*** Opening Material supplied ***
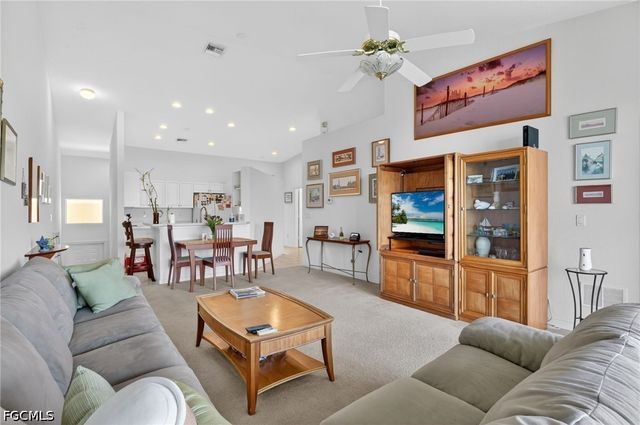 25009 Peacock LN 1-201, Naples, FL 34114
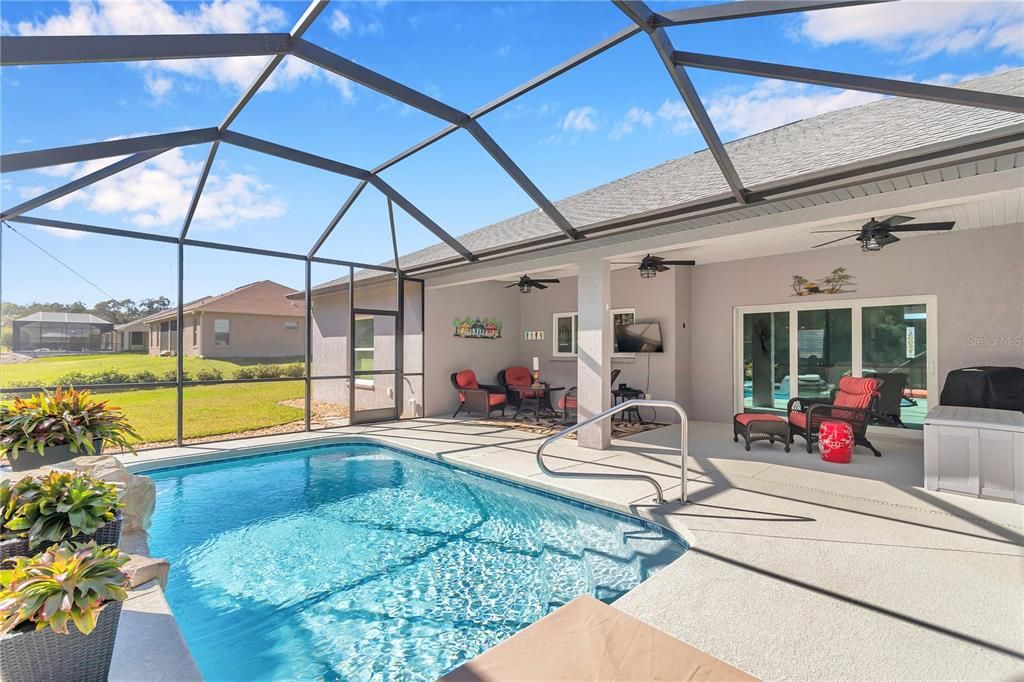 Recently Sold: $599,000 (3 beds, 2 baths, 2261 Square Feet)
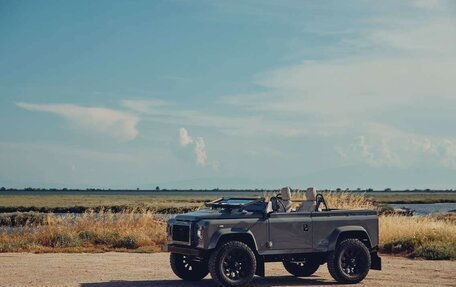 Land Rover Defender I, 1989 год, 18 040 000 рублей, 8 фотография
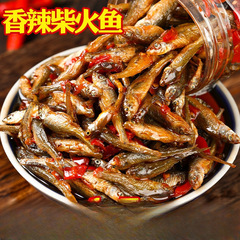 湖南の特産農家の香辛料と薪の魚の下で料理します。
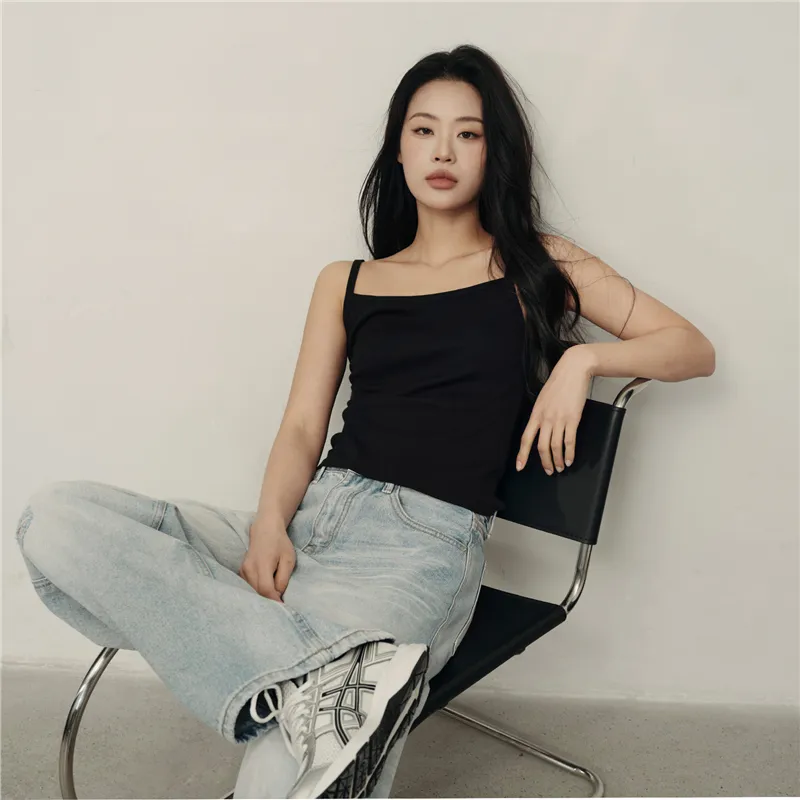 UNIQLO Tank Tops Women's-11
*** Closing Material supplied ***
In the records above, find the line with "湖南の特産農家の香辛料と薪の魚の下で料理します。" and copy from it through the last line exactly, without the pictures.

 湖南の特産農家の香辛料と薪の魚の下で料理します。
 UNIQLO Tank Tops Women's-11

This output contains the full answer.